Laufen daher Frauen nicht der Musealisierung des geschichtlich Gewordenen hinterher, das in den Innenstädten als Attraktion und als Oberfläche für Touristinnen zu erhalten gesucht wird? Vielfach stehen Angebote von „Frauenstadtspaziergängen“ auch mit einem konservativen frauenpolitischen Verständnis im Zusammenhang. Die symbolische Ausstattung der Städte mit Namen von Künstlerinnen, Politikerinnen etc. ist zwar eine engagierte Sache, enthebt uns aber nicht der Frage nach eingehender Untersuchung des historischen geschlechtsspezifischen Kontextes und dessen Bedeutung für die Gegenwart.

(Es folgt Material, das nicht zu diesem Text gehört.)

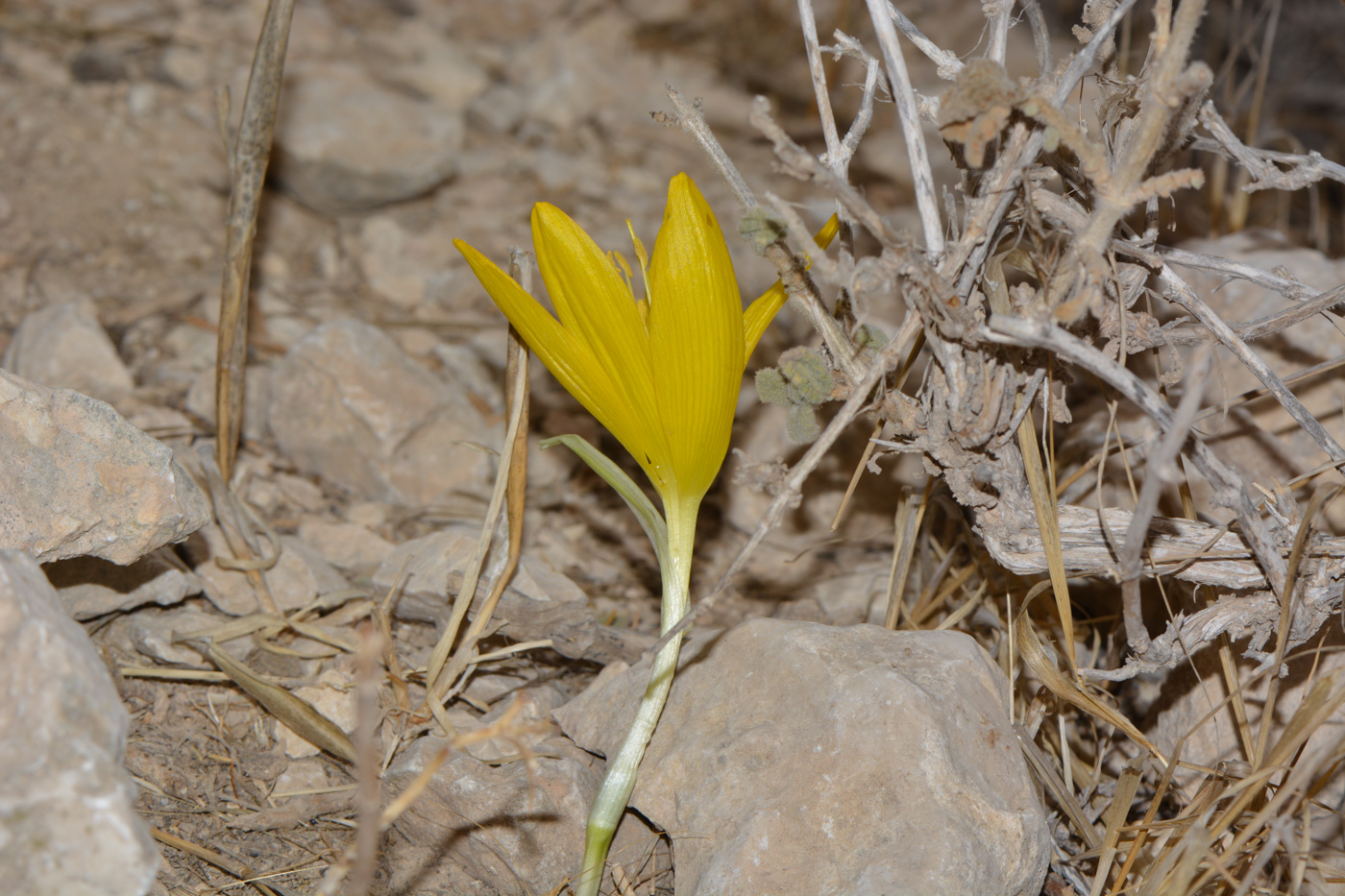 Изображение особи Sternbergia clusiana.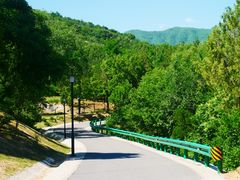 -白水寺森林公园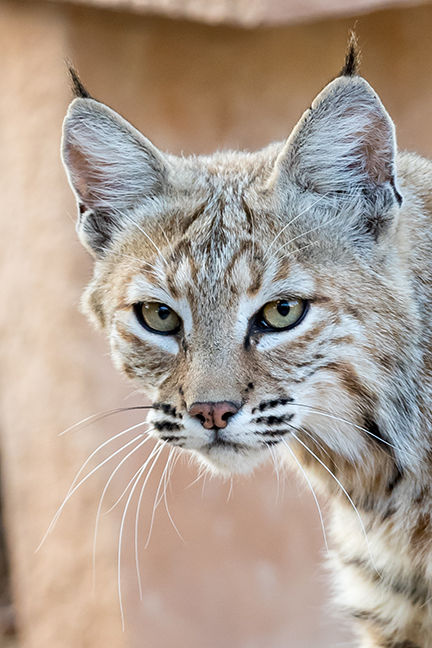 Bobcat
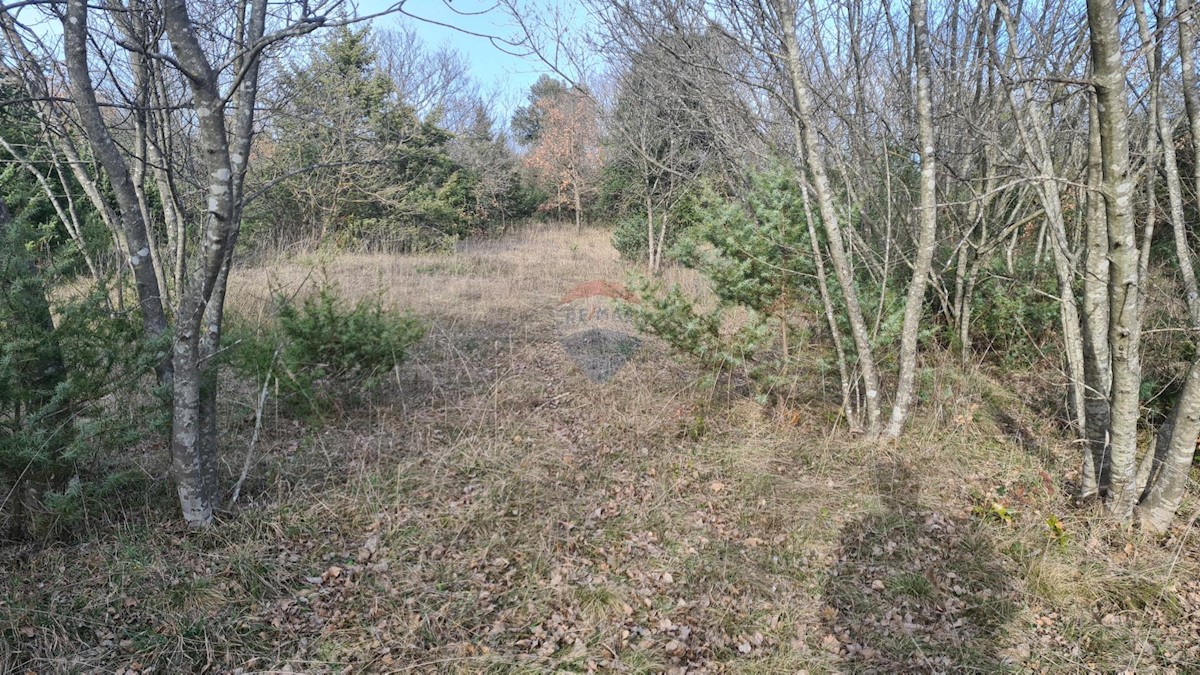 RAKALJ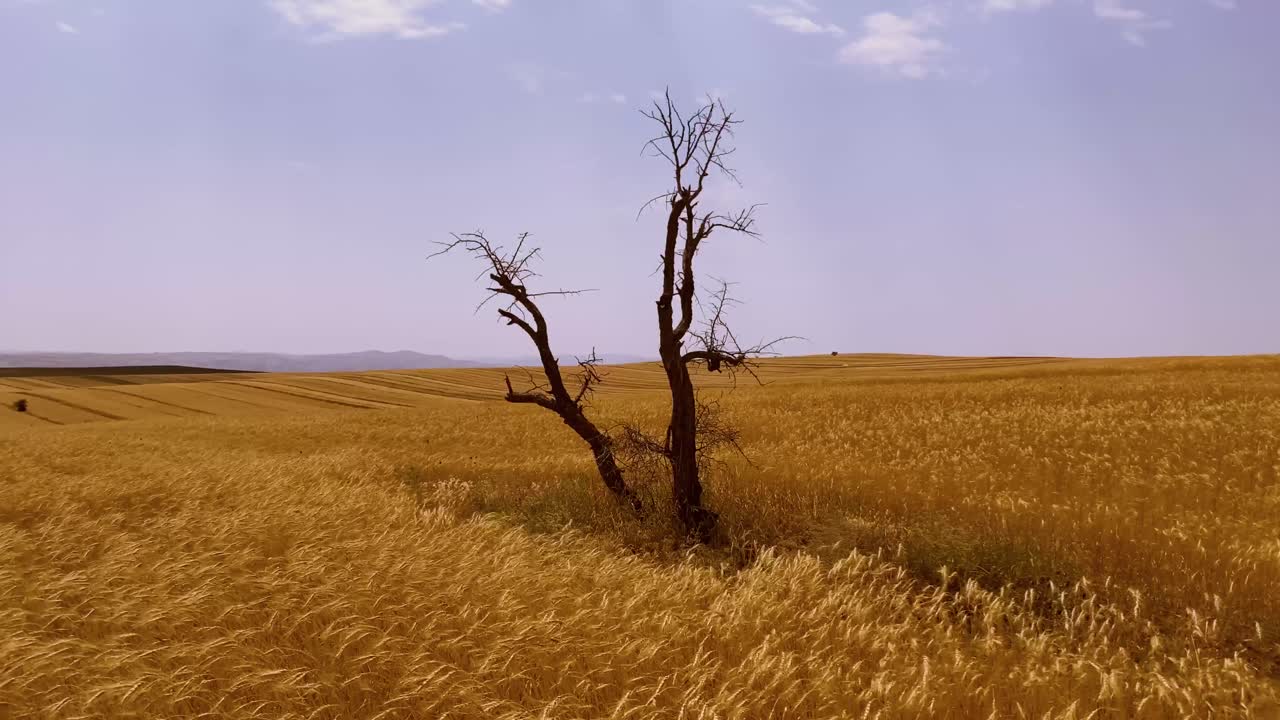 Solitary dry tree stands tall in picturesque Qazvin Iran wheat farm Serene beauty in a sunny day in summer autumn season some clouds and wind moves plants like sea wave wonderful agriculture harvest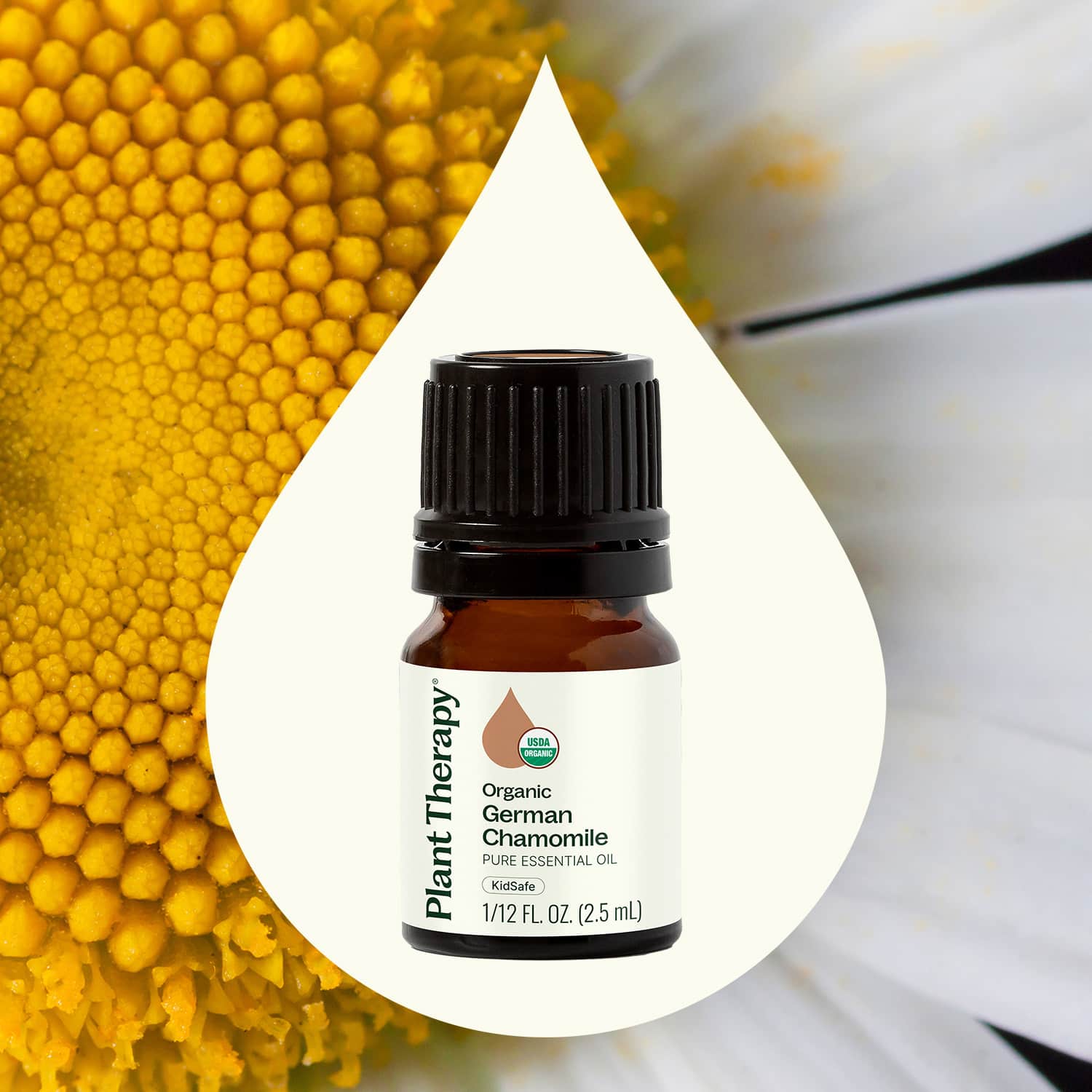 Plant Therapy - Wholesale Essential Oil - Organic German Chamomile Essential Oil 2.5 mL1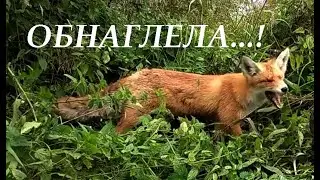Наглая но прикольная лиса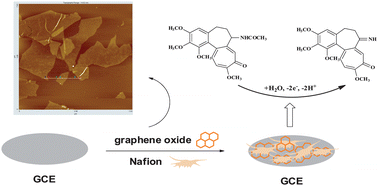Graphical abstract: Electrochemical oxidation behavior of colchicine on a graphene oxide-Nafion composite film modified glassy carbon electrode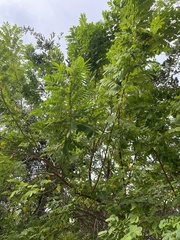 Senna surattensis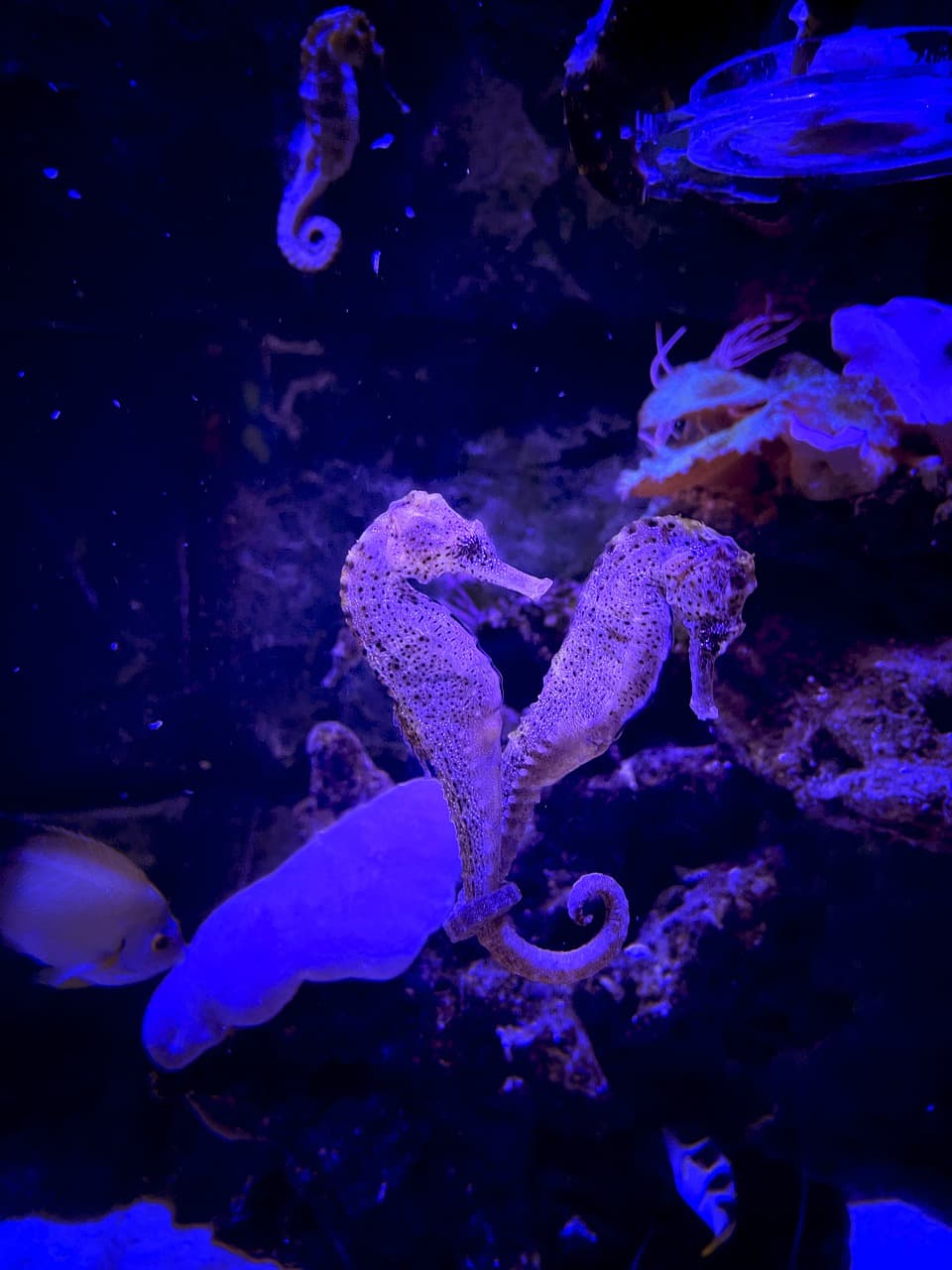 The Unique Way Seahorses Give Birth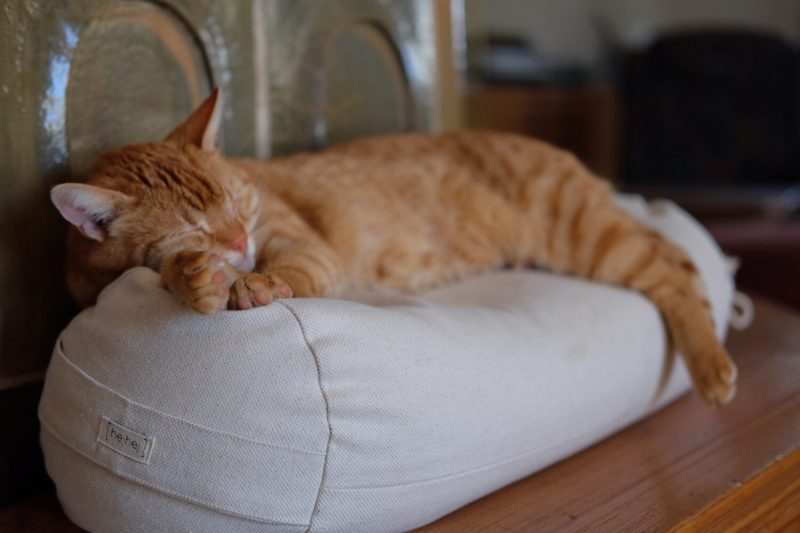 rote Katze liegt auf dem hejhej-bolster beim Landwirt zuhause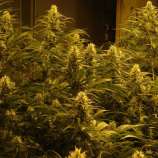 Citrus Skunk strain photo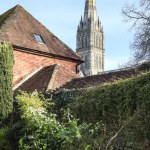 Beautiful houses and gardens in Salisbury. The Cathedral of Salisbury in the background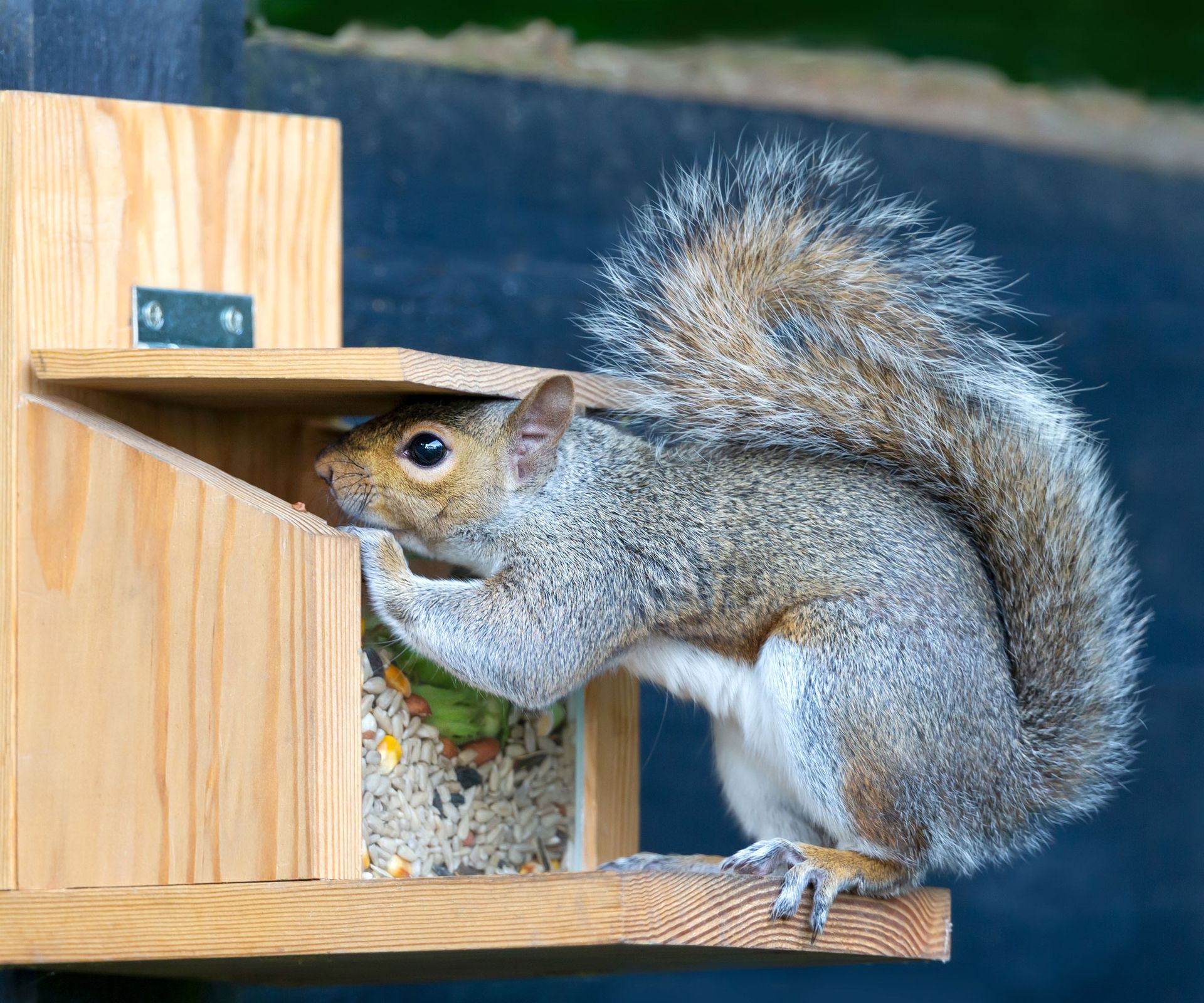 squirrel poking nose into bird feeder with raising lid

In gewissem Sinne hat sich das Verhältnis von Privatheit und Öffentlichkeit mittlerweile verkehrt. Ist man früher aus dem Haus getreten, um in die Öffentlichkeit einzutauchen, und hat man sich aus ihr zurückgezogen, in dem man Türen und Fenster hinter sich schloss und im Inneren verblieb, ist man heute mittlerweile direkter an das Außen und die Öffentlichkeit angeschlossen als in den beschränkten lokalen Räumen einer Stadt, in denen man vor allem die Einsamkeit übt – wie im Schweigen während der Fahrt in öffentlichen Verkehrsmitteln und beim Durcheilen der Fußgängerzonen oder Warentempel.

Das Pendeln zwischen außen und innen, zwischen öffentlich und privat, hat bislang auch das Leben in der Stadt geprägt und es stimuliert. Die Frauen sind heute mehr denn je ihr aktivster Teil. Ihre Umdeutungsarbeit von Städten und Orten jeglicher Art hat wieder einmal begonnen.